Eigenvalues of the fractional Laplace operator in the unit ball

TL;DR

This paper introduces an efficient numerical scheme to bound eigenvalues of the fractional Laplace operator in the unit ball, using variational and intermediate methods with orthogonal polynomials, partially resolving a conjecture about eigenfunction symmetry.

Contribution

It develops a novel numerical approach combining Rayleigh-Ritz and Aronszajn methods with explicit polynomial expressions to estimate eigenvalues of the fractional Laplacian.

Findings

Proves the second eigenvalue corresponds to an antisymmetric function for certain dimensions and alpha values.

Provides numerical evidence supporting the conjecture for various dimensions and alpha in (0,2].

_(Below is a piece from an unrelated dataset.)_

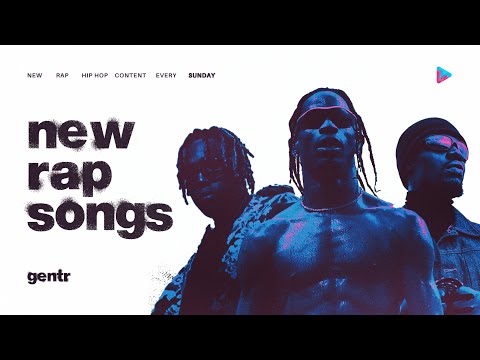 Best New Rap Songs this Week - July 13, 2025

Offers a partially analytical resolution to a conjecture on eigenfunction symmetry.

Abstract

We describe a highly efficient numerical scheme for finding two-sided bounds for the eigenvalues of the fractional Laplace operator (-Delta)^{alpha/2} in the unit ball D in R^d, with a Dirichlet condition in the complement of D. The standard Rayleigh-Ritz variational method is used for the upper bounds, while the lower bounds involve the less-known Aronszajn method of intermediate problems. Both require explicit expressions for the fractional Laplace operator applied to a linearly dense set of functions in L^2(D). We use appropriate Jacobi-type orthogonal polynomials, which were studied in a companion paper "Fractional Laplace operator and Meijer G-function". Our numerical scheme can be applied analytically when polynomials of degree two are involved. This is used to partially resolve the conjecture of T. Kulczycki, which claims that the second smallest eigenvalue corresponds to an antisymmetric function: we prove that this is the case when either d <= 2 and 0 < alpha <= 2, or d <= 9 and alpha = 1, and we provide strong numerical evidence for d <= 9 and general alpha in (0,2].